## Brief:
Write the data out in full and word for word. Do not include images.

(Beginning of Dataset excerpt)

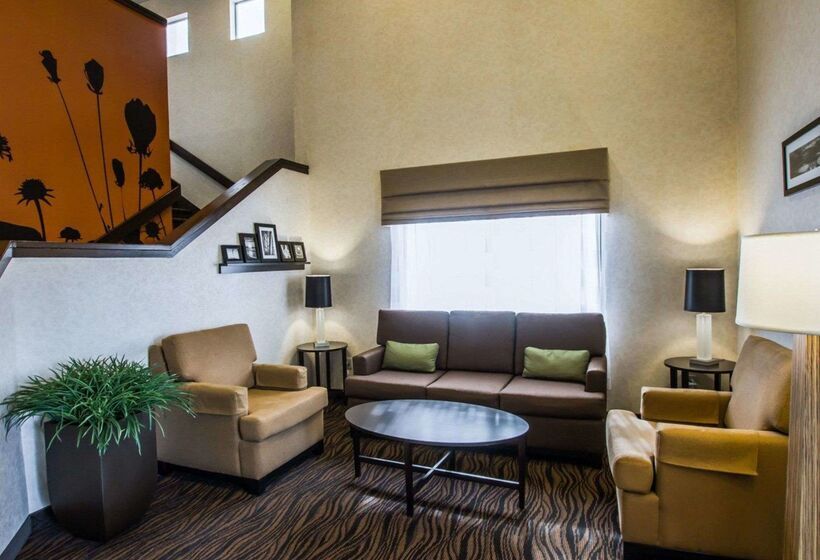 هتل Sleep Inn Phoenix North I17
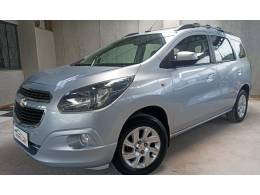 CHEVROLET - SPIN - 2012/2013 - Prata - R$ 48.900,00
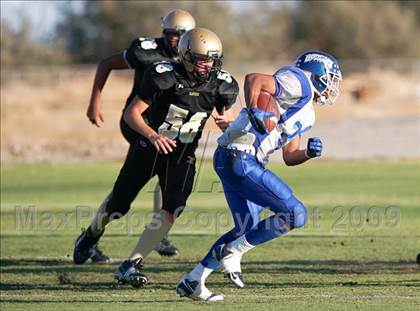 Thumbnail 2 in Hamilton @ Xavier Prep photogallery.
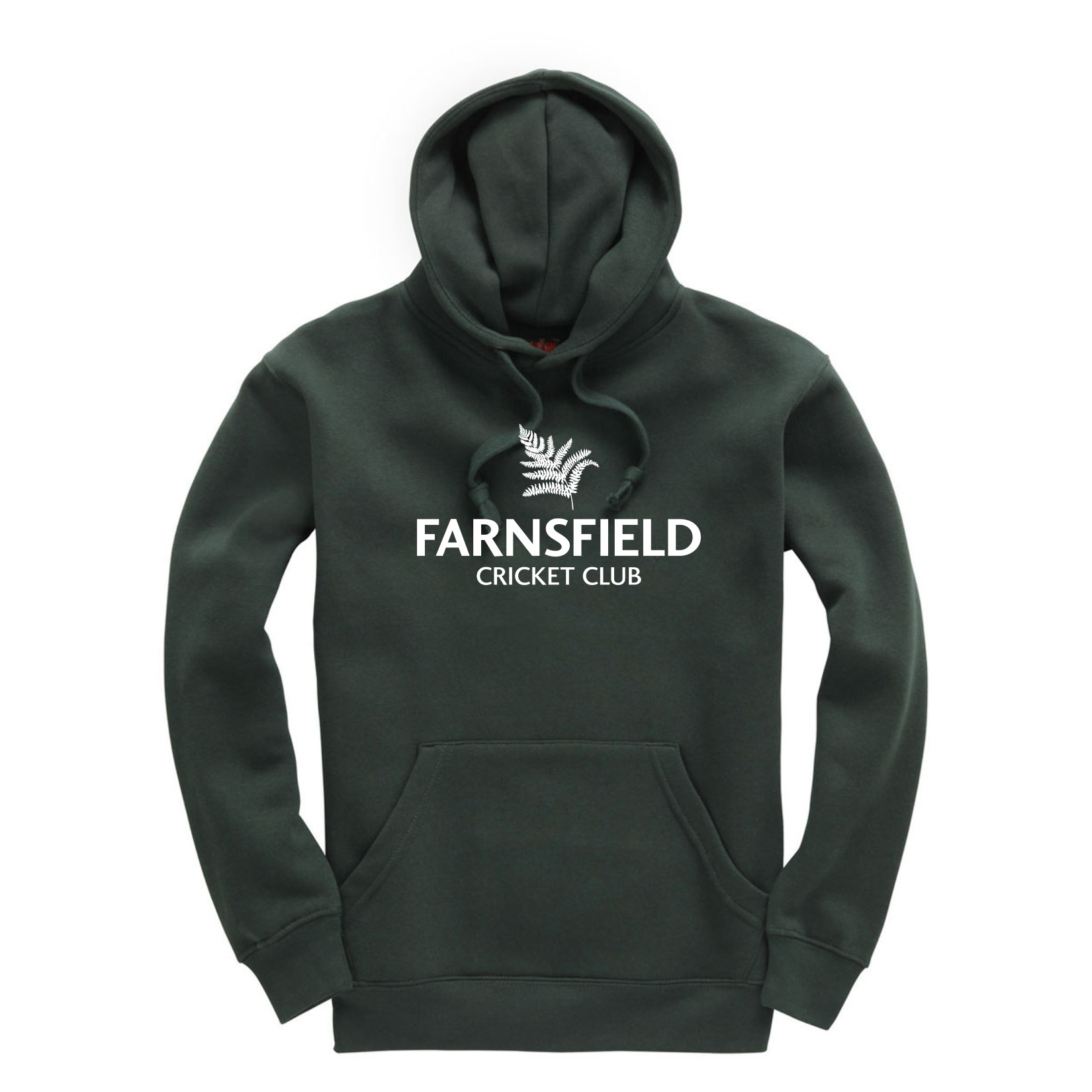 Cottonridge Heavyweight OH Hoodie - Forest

(End of Dataset excerpt)

## Task solution:
 هتل Sleep Inn Phoenix North I17
 CHEVROLET - SPIN - 2012/2013 - Prata - R$ 48.900,00
 Thumbnail 2 in Hamilton @ Xavier Prep photogallery.
 Cottonridge Heavyweight OH Hoodie - Forest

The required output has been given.